Marx comentó que sus libros se someterían a “la crítica de los roedores”. No se refería a sus adversarios ideológicos, sino a los ratones que tarde o temprano se hacen cargo de las bibliotecas. 

Los insectos sociales son oponentes más temibles, por su capacidad de organización y ocultamiento. La colonia central vive bajo la tierra o en un tronco seco del jardín mientras sus expedicionarios se adentran secretamente en la casa en busca de papel y madera. Una vez descubiertos, resisten con el temple suicida de los samuráis. No hay fumigador que no admire a las termitas.

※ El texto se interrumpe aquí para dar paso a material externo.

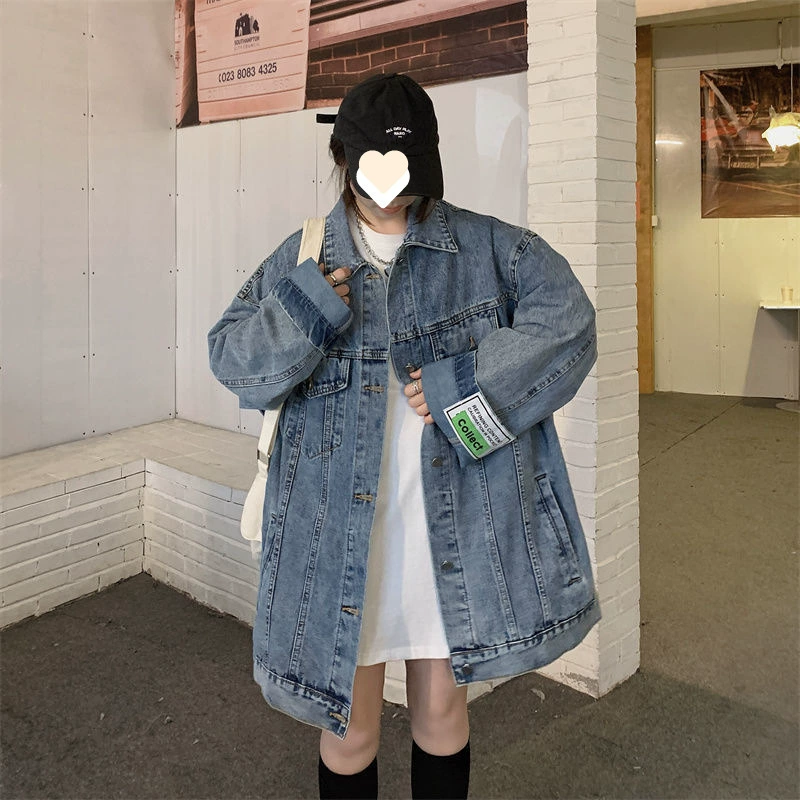 Джинсовая куртка осенняя ретро, oversize, для подростков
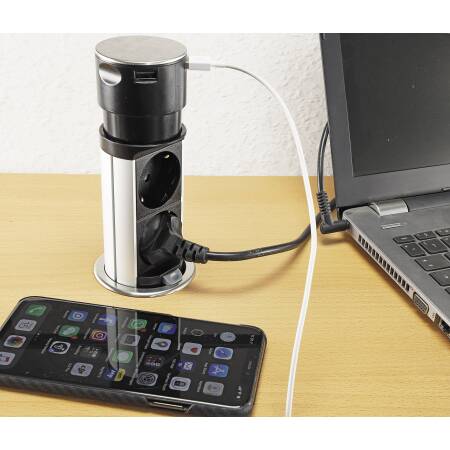 Chilitec Schreibtisch-Einbausteckdose 2x USB versenkbar Edelstahl rund Mini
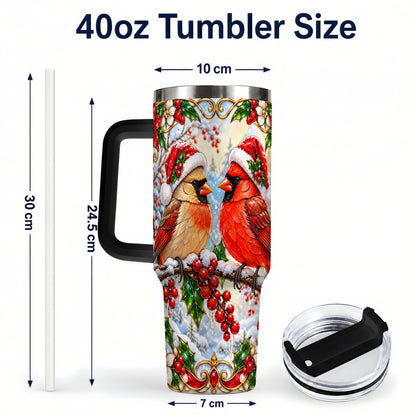 #pl[40oz|Black] Christmas Cardinal 40oz Tumbler with Handle, Winter Bird Travel Cup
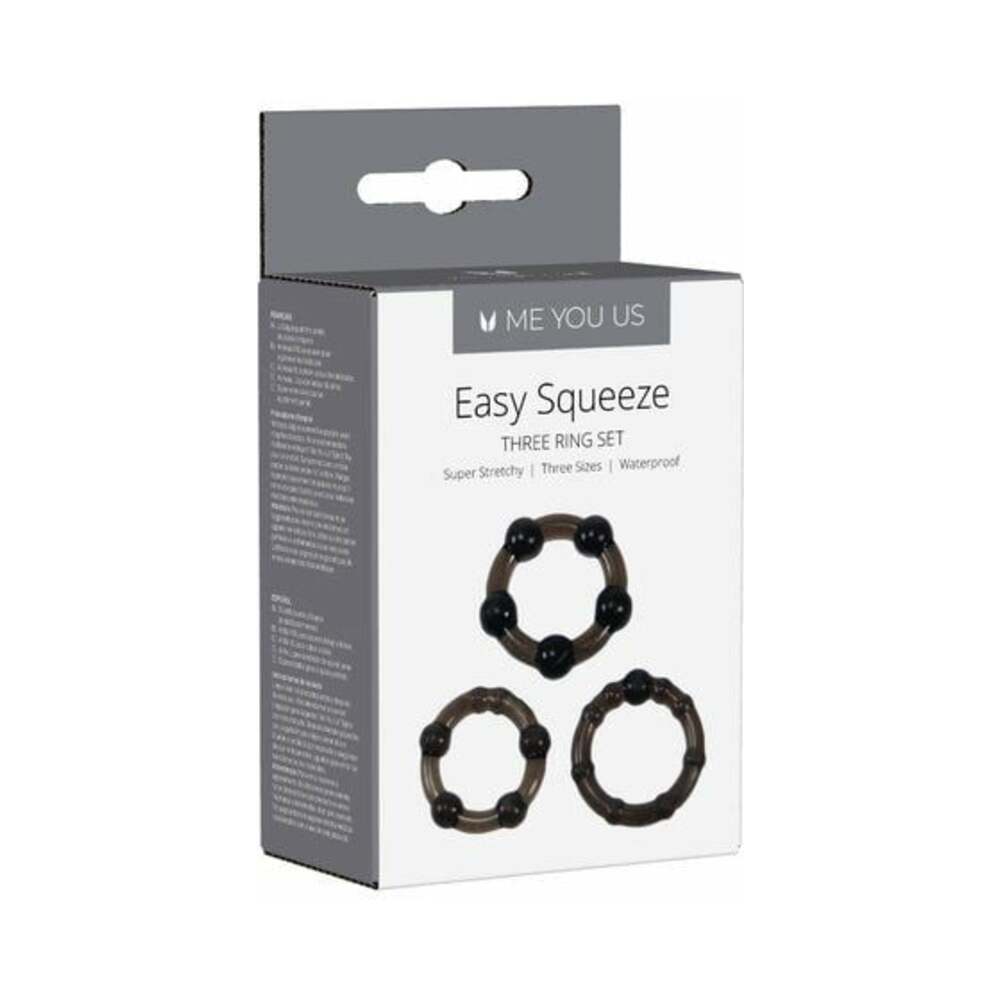 Me You Us - Me You Us Easy Squeeze 3-Piece Cockring Set Black - Cockrings - TPE/TPR/Elastomers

Cada diez años enfrento una oleada invasora. La primera señal del enemigo suele ser un montoncito de aserrín; la segunda resulta más dramática: revuelvo pilas de manuscritos y descubro que han sido “corregidos” por criaturas invisibles. Una década de escritura es digerida por las termitas.

Eliminar a ese adversario requiere de medidas casi militares. Tuvimos que dejar la casa para que una bomba de gas se hiciera cargo del asunto.

Pasamos unos días con mi madre, donde nuestros propios hábitos alimenticios produjeron otro sobresalto. Cenábamos en la cocina cuando ella quiso buscar un refresco en el refrigerador, tropezó con una silla y sufrió una caída de la que no pudo levantarse. A sus 91 años conoce perfectamente sus limitaciones: “Llamen una ambulancia”, solicitó con toda calma.

Mientras esperábamos, le ofrecí un trago del refresco que no había podido alcanzar. Cuando no sabes qué hacer, el azúcar te parece un remedio prodigioso. Mi madre no quiso tomar nada; sin embargo, cuando los camilleros entraron a la cocina, pidió que subiéramos con el refresco a la ambulancia.

Rechazó beber en el trayecto, pero no se desprendió de la botella. Ingresó a Urgencias en camilla y un paramédico nos aconsejó que ocultáramos el refresco porque no siempre dejan que los pacientes entren con bebidas.

Mi madre se sometió a una operación de reemplazo de cadera. Las prioridades médicas hicieron que la bebida pasara a segundo plano, como un parco testigo de los hechos. Si yo ofrecía un trago, mi madre invariablemente rechazaba. En algún momento sugerí que tiráramos la botella (había sido abierta unos días antes y perdía el gas), pero mi madre se negó. Ciertas cosas valen porque no te desprendes de ellas. El envase familiar ya era un símbolo.

Mi hermana Carmen se hizo cargo de los trámites de salida mientras yo acondicionaba un cuarto en mi casa. Carmen vive en Guadalajara y había llegado al hospital después que yo. Pensé que sería ajena al magnetismo de ese refresco que nadie bebía pero debía estar ahí; sin embargo, al llegar a mi casa, dijo en tono cómplice: “Traje la botella”. Aunque el contenido del envase ya era una vulgar agua azucarada, su fuerza hermética resultaba incontrovertible. Mi madre se había fracturado en busca de ese esquivo y a la vez ubicuo objeto del deseo.

¿Qué hacer con nuestro repentino talismán? ¿Debíamos dejarlo para siempre en el refrigerador como un peculiar emblema del destino? Sentí que no éramos nosotros quienes guardábamos el refresco, sino el refresco el que condicionaba nuestras acciones. No podía abrir el refrigerador sin percibir una negra profecía: “Puedes ser el próximo”. Para acabar de una vez por todas con la inquietud propuse que celebráramos una comunión.

El motivo del accidente se transformó en nuestro elíxir. Nadie se atrevió a hacer un brindis, pero bebimos con cierta solemnidad. Aunque el líquido sabía horrible, revelaba que estábamos a salvo.

Mientras tanto, la naturaleza continuaba sus rondas. Entramos al estudio donde habían soltado la bomba de gas y al revolver los apuntes para una novela vimos el pulular de las termitas que seguían devorando mis papeles. También ellas se habían salvado.

Algo diferenciaba las dos supervivencias. Los insectos sociales actúan con mudo pragmatismo, sin necesidad de signos que los convenzan de su tarea. Cavan delicados túneles en la madera sin otra motivación que su existencia.

Más frágil, nuestra especie requiere de creencias y supersticiones para hacer las cosas. Conjuramos la adversidad con un crucifijo, un trébol, una camisa de la suerte, y ante una emergencia dotamos de magia a objetos insignificantes. Olvidamos dónde pusimos los lentes y dónde quedaron las pantuflas, pero no perdemos de vista la botella de plástico por la que nos jugamos la vida.